Terminating an employment contract by an employer on the grounds of a transfer of undertaking is not possible because of the statutory prohibition on dismissal. But what if, after the transfer of undertaking, it appears that the employee’s position does not exist with the transferee?

In this case, the employee had worked for 30 years for a franchisee of the Jumbo supermarket chain in a unique role. The franchisee, i.e. the employer, sold its business (via Jumbo Nederland B.V.) to Maripaan Groep B.V., a larger franchisee operating seventeen Jumbo supermarkets. After the takeover, it became apparent that the employee’s role could not be integrated into the new organisation and was also redundant. At the request of the new employer, Maripaan, the subdistrict court terminated the employment contract.
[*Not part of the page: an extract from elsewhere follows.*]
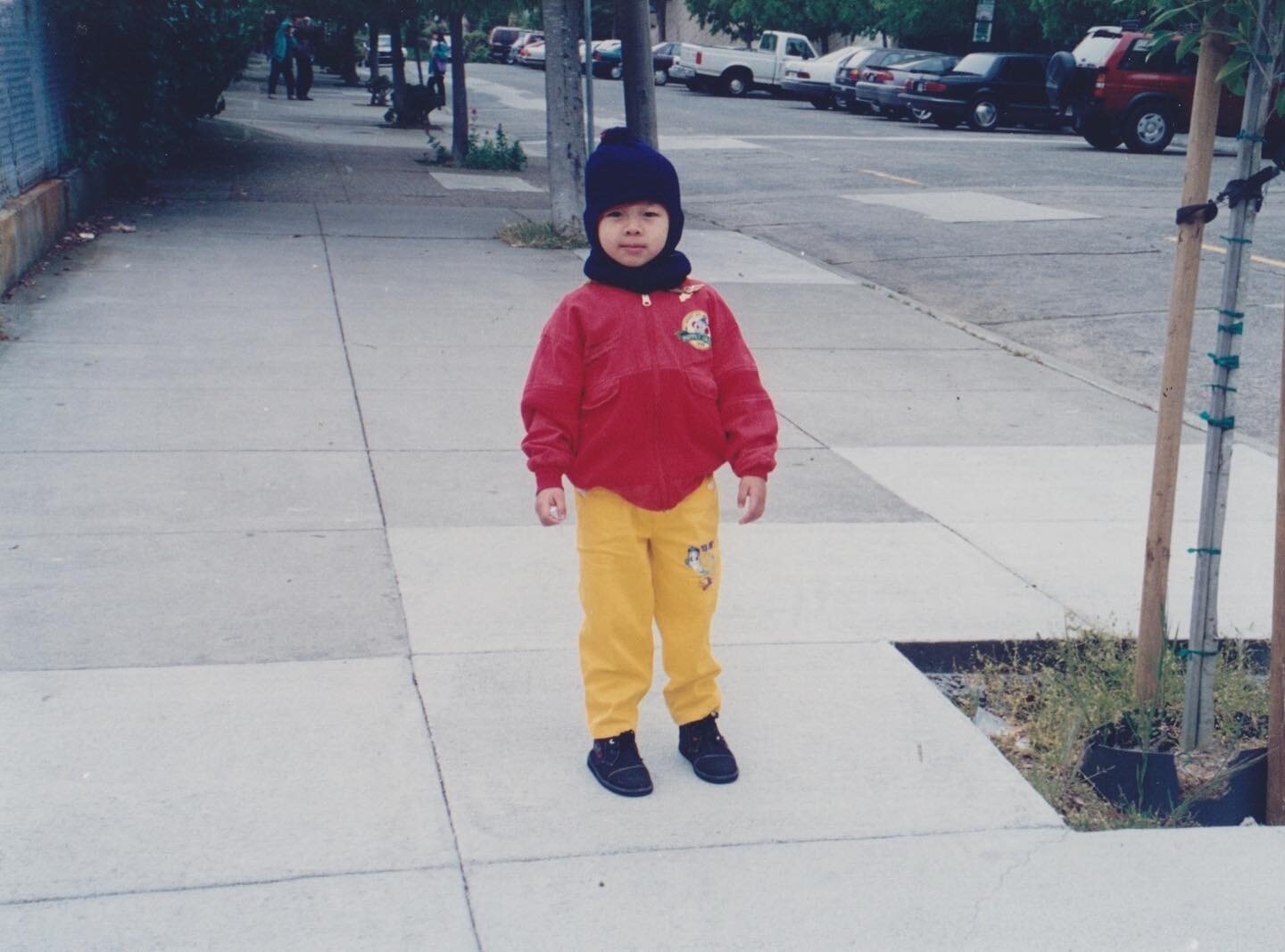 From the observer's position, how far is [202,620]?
4629mm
The termination was subsequently upheld on appeal. The Court of Appeal held that the elimination of the position was necessary for business-economic reasons in order to achieve a more efficient business operation, and that the prohibition on dismissal in the event of a transfer of undertaking did not stand in the way of that. It was, however, to be expected that the employer would sufficiently substantiate this, since the request for termination followed shortly after the transfer of undertaking. In this case, the employer nevertheless met that threshold, as it demonstrated that an internal review had shown that the employee’s position did not exist within Maripaan and that an alternative position was not possible, partly due to the employee’s limited availability of eight hours per week.

In cassation, the employee complains that the Court of Appeal failed to recognise that, in short, a fully substantiated business-economic dismissal ground alone is insufficient to bypass the prohibition on dismissal. According to the employee, the Court of Appeal should have examined the intrinsic connection between the invoked economic, technical or organisational reasons and the transfer of undertaking.
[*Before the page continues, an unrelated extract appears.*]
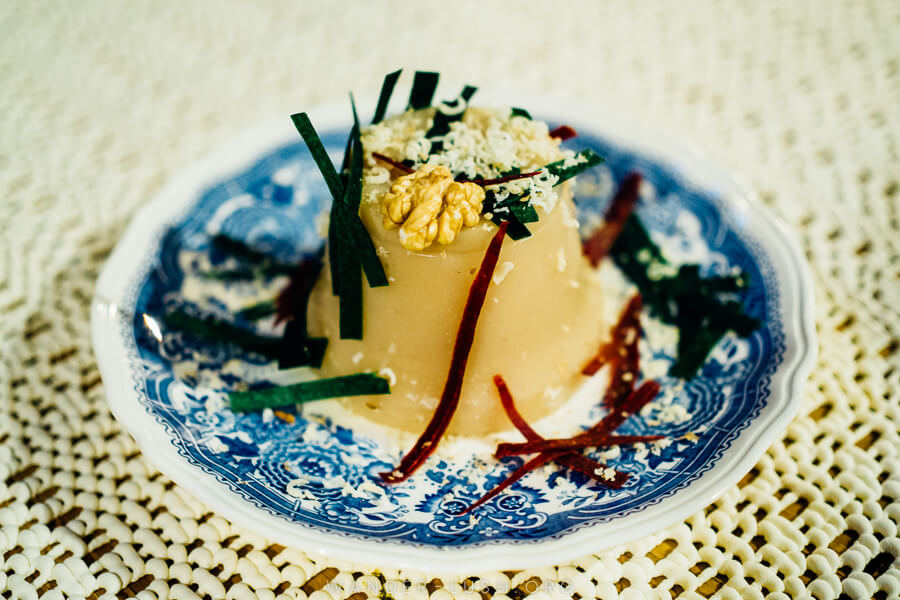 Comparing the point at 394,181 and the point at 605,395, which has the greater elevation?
the point at 394,181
The Supreme Court considers that, first, it must be assessed whether there is a fully substantiated ground for dismissal, after which the question is whether a prohibition on dismissal prevents any termination. However, the underlying directive regarding the prohibition explicitly states that a transfer of undertaking may not constitute a reason for dismissal, but that it does not preclude dismissals for economic, technical or organisational reasons entailing changes in the workforce. Those economic, technical or organisational reasons may therefore to some extent be related to the transfer of undertaking without automatically triggering the prohibition on dismissal. The Court of Appeal’s judgment sufficiently reflects this view, meaning that the complaint cannot lead to quashing.

In short, this ruling makes clear that the mere fact that there is a transfer of undertaking does not automatically block every business-economic dismissal. However, the closer a business-economic dismissal occurs to the transfer date, the heavier the employer’s duty to provide reasons showing that the two do not have an intrinsic connection.